Le livre perdu
Un vacarme métallique sortit Iris de son sommeil. Elle fit un bond dans son lit, se demandant ce qui avait bien pu causer un tel raffut. En jetant un oeil sur son réveil, elle vit qu'il était 6h35 et qu'il lui restait une bonne heure de sommeil. Mais quelques secondes plus tard, elle entendit un bruit de verre brisé, et aux cris de sa voisine, Iris comprit que sa nuit était terminée. C'est à ce moment précis que la conscience de la jeune femme s'éveilla pleinement. Quelque chose n'allait pas. Iris se leva d'un bond et ouvrit en grand sa fenêtre pour voir madame Jefferson au milieu de ses poubelles renversées.
- Madame Jefferson, ne me dites pas qu'ils ont recommencé ?!
- Recommencé ? Mais de quoi parlez-vous ? Regardez un peu ce qu'ils viennent de faire ! Et ma cuisine est ravagée. Ma vitre a explosé ! Ils me la paieront !
- Ce n'est pas ce qu'ils avaient déjà fait hier ?
- Mademoiselle Murphy, vous vous moquez de moi ? Bravo la solidarité entre voisins !

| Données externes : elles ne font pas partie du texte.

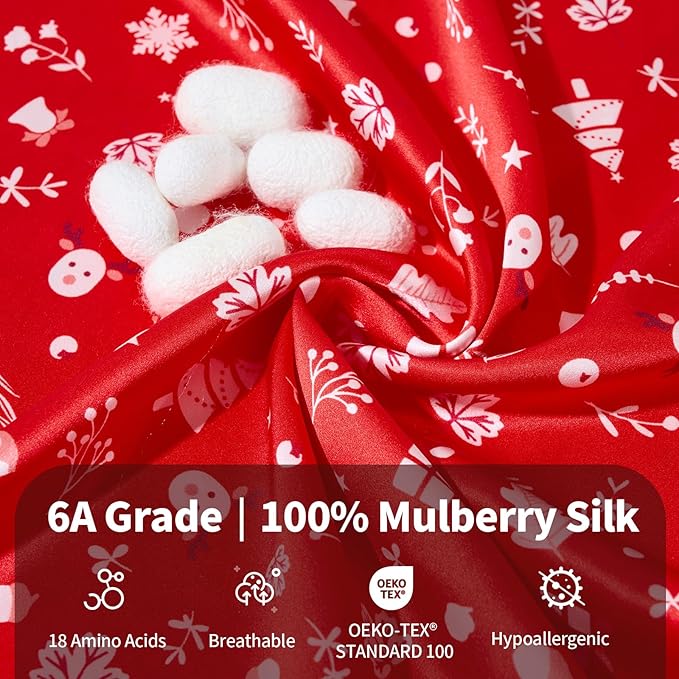 THXSILK Christmas Style 6A+ Grade Mulberry Silk Pillowcase for Hair and Skin, 22 Momme 100% Pure Silk Pillow Case with Hidden Zipper, Christmas Holly Printed Pillow Cover, Red， Queen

Pauline Jefferson tourna ensuite les talons aussi élégamment que ses pantoufles avachies le lui permettaient, et rentra chez elle en claquant ostensiblement la porte. C'est alors qu'Iris fit la grimace devant cette désagréable impression de déjà vu. Ces garnements n'avaient pas eu froid aux yeux en recommençant leur chamboule-tout le lendemain-même de leurs premiers exploits. En refermant la fenêtre de sa chambre, Iris se retourna vers son lit, et au moment de tendre la couette pour éviter de se recoucher, elle ne se rappela pas s'être mise au lit la veille. Elle avait travaillé tard et s'était endormie toute habillée dans son vieux fauteuil au milieu de l'atelier. Elle se souvenait d'ailleurs qu'elle était en train d'écrire son journal quand le sommeil avait eu raison d'elle. Mais elle ne se souvenait pas d'avoir enlevé ses vêtements et d'avoir plongé dans son lit. Iris se rendit compte qu'elle se négligeait de plus en plus. Un jour, elle oubliait de manger, le lendemain, elle tombait de fatigue près de son établi. Heureusement, maintenant que la commande de monsieur Ricardo Edwards était terminée, elle était bien décidée à contacter la cousine de Mike et décrocher un entretien pour avoir enfin le temps de s'entretenir elle-même.
Tout en cherchant un survêtement pour son footing, Iris vit dans son armoire le legging rouge et noir qu'elle avait enfilé la veille. Avec une grimace de dégoût, elle le saisit et le jeta dans la panière de linge sale. Elle revêtit alors son jogging kaki et sa casquette militaire qui retenait sa chevelure en queue de cheval, puis se dirigea vers la porte pour se rendre au parc Greyspawn. Mais elle décida, avant d'aller courir, de jeter un oeil sur cette commande qui lui avait donné tant de fil à retordre la veille. Elle n'avait même pas eu le temps de lire quelques-uns des poèmes édités par monsieur Edwards. Elle profiterait de son petit-déjeuner pour le feuilleter, quand l'idée la fit rire d'effroi en imaginant de la confiture coulant entre les pages. Mais c'est un autre rire qui la secoua quand elle pénétra dans son atelier. Un rire nerveux la saisit, un rire qui se transforma vite en larmes.
Le livre de monsieur Edwards avait disparu.